Leaving the pictures aside, transcribe only and exactly the lines from the one with "2018 Chrysler Pacifica - Image 9" through the end of the entries, both included.

"""

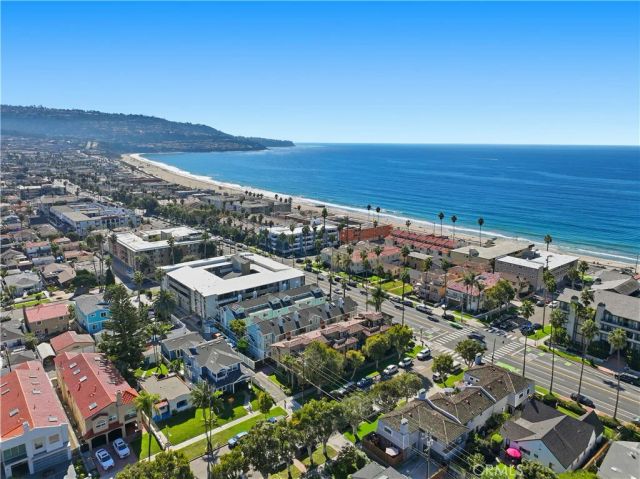 202 Avenue C, Redondo Beach, CA 90277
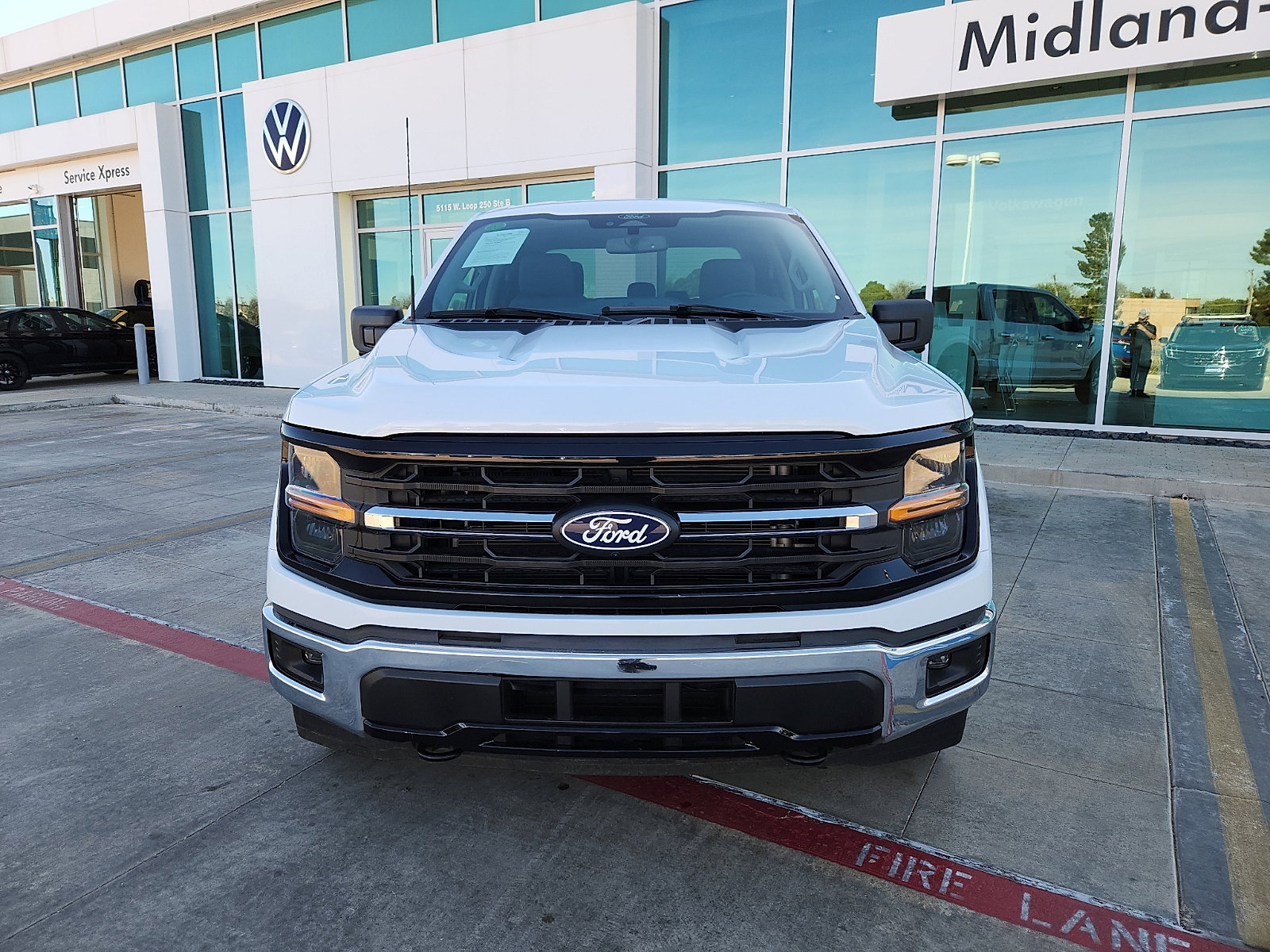 Used 2024 Ford F150 XLT w/ Mobile Office Package image 2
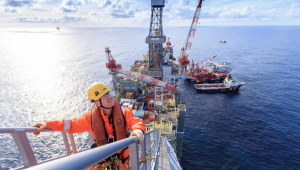 Uma foto de divulgação tirada em 10 de março de 2018, divulgada pela BP e recebida em Londres em 22 de novembro de 2018, mostra um operário a bordo de uma plataforma de petróleo no campo petrolífero de Clair Ridge, no Mar do Norte, a 72 quilômetros da costa da Escócia. A BP (anteriormente conhecida como British Petroleum) anunciou na sexta-feira o lançamento de uma segunda fase de exploração no campo de Clair, no Mar do Norte Britânico, com uma produção prevista de 120.000 barris por dia. (Foto de Stuart Conway/BP/AFP)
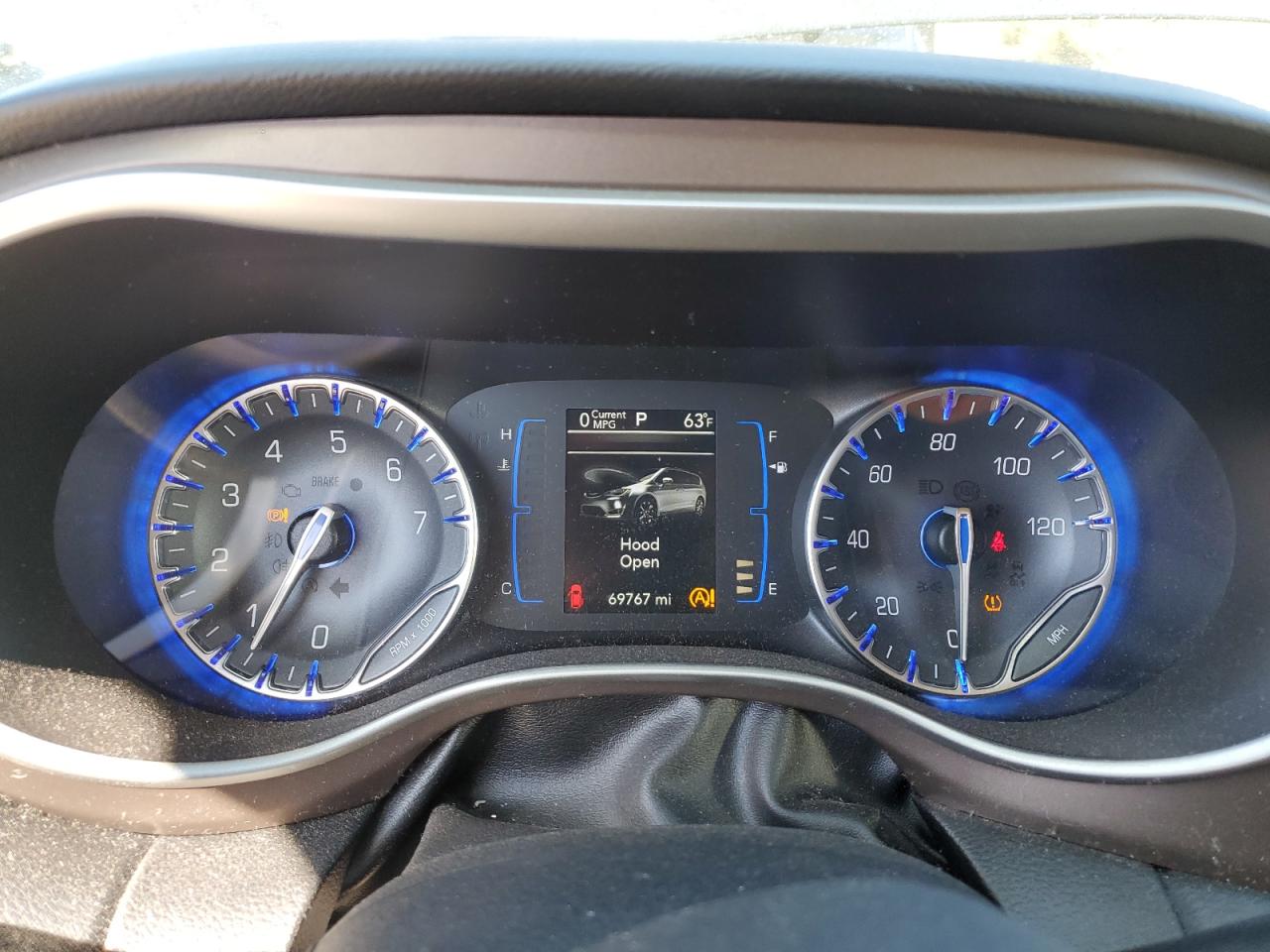 2018 Chrysler Pacifica - Image 9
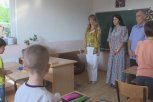 TU SMO DA DECU NAUČIMO ĆIRILICU I NAŠU ISTORIJU: U srpskoj enklavi na Kosmetu počela nova školska godina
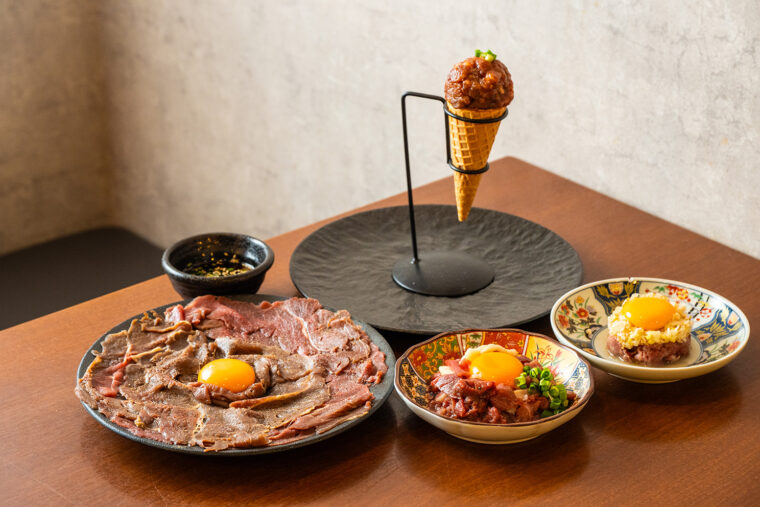 4種類から選べる『ユッケ』（1,319 円～）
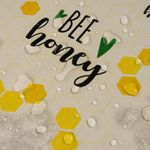 Bienen-Wabe-Honig5.jpeg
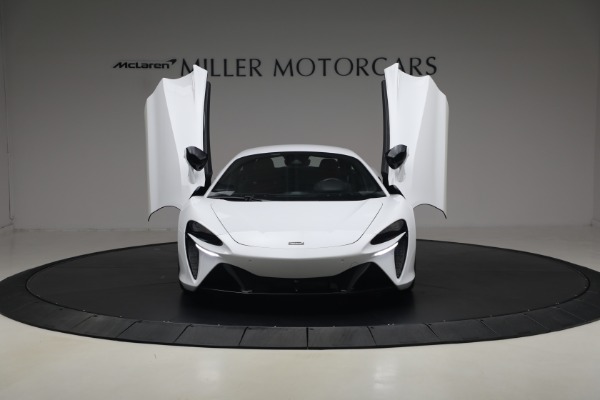Used 2023 McLaren Artura TechLux for sale $164,900 at Bugatti of Greenwich in Greenwich CT 06830 13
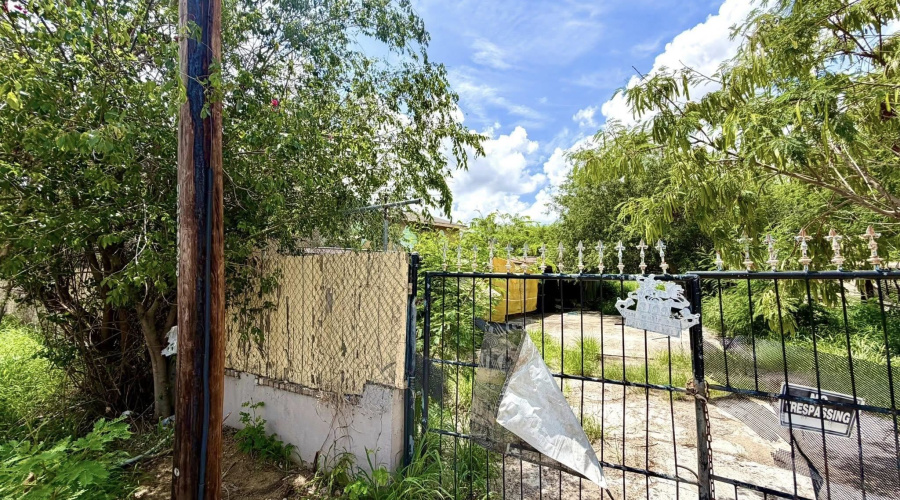 3111 Clark Blvd, Laredo, Texas 78043, ,Land,For Sale,3111 Clark Blvd,20262653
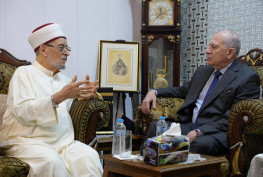 أسامة عبد العزيز النجيفي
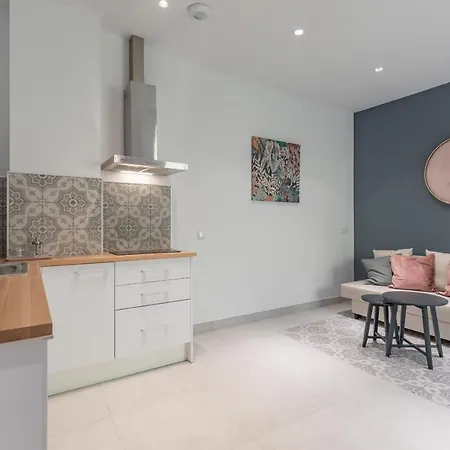 Apart-hotel Chic & Comfortable Apartment, Private Terrace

"""

**Reply to the task**
 2018 Chrysler Pacifica - Image 9
 TU SMO DA DECU NAUČIMO ĆIRILICU I NAŠU ISTORIJU: U srpskoj enklavi na Kosmetu počela nova školska godina
 4種類から選べる『ユッケ』（1,319 円～）
 Bienen-Wabe-Honig5.jpeg
Used 2023 McLaren Artura TechLux for sale $164,900 at Bugatti of Greenwich in Greenwich CT 06830 13
 3111 Clark Blvd, Laredo, Texas 78043, ,Land,For Sale,3111 Clark Blvd,20262653
 أسامة عبد العزيز النجيفي
 Apart-hotel Chic & Comfortable Apartment, Private Terrace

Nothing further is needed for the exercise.